**REQUIRED ACTION**:
Write out the data below exactly as given, without any of its pictures.

**DATA EXCERPT**:
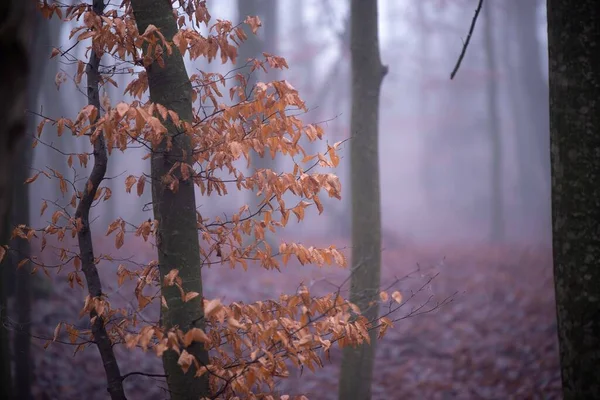 雾蒙蒙的森林里的秋树 — 图库照片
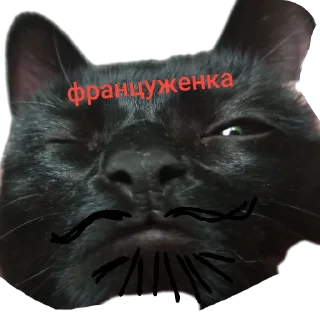 🐱 emoji буська вайб Telegram sticker 12 of 37
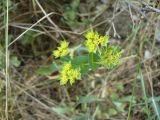 Bupleurum rotundifolium. Соцветия. Южный Берег Крыма, г. Судак, западный склон горы Алчак. 13.06.2012.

**EXERCISE RESPONSE**:
 雾蒙蒙的森林里的秋树 — 图库照片
 🐱 emoji буська вайб Telegram sticker 12 of 37
 Bupleurum rotundifolium. Соцветия. Южный Берег Крыма, г. Судак, западный склон горы Алчак. 13.06.2012.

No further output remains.